TRY IT - Would you output the entries below only from the line containing "slika0010 Podroom (Petak, 19.4.2013" through the line containing "Used 2024 Honda Pilot Elite image 4", exactly as they stand and with both ends included?

SUPPLIED MATERIAL -
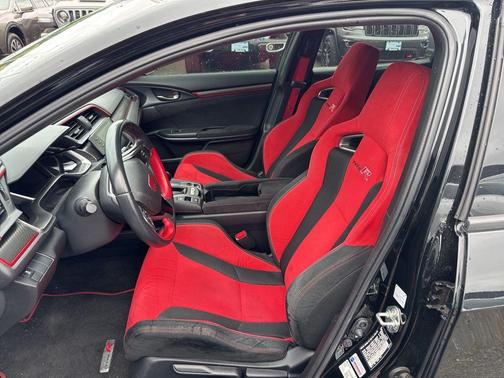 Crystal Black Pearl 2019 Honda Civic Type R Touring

--

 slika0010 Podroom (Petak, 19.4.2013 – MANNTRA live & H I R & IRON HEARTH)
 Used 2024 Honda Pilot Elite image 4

SOLUTION -
 slika0010 Podroom (Petak, 19.4.2013 – MANNTRA live & H I R & IRON HEARTH)
 Used 2024 Honda Pilot Elite image 4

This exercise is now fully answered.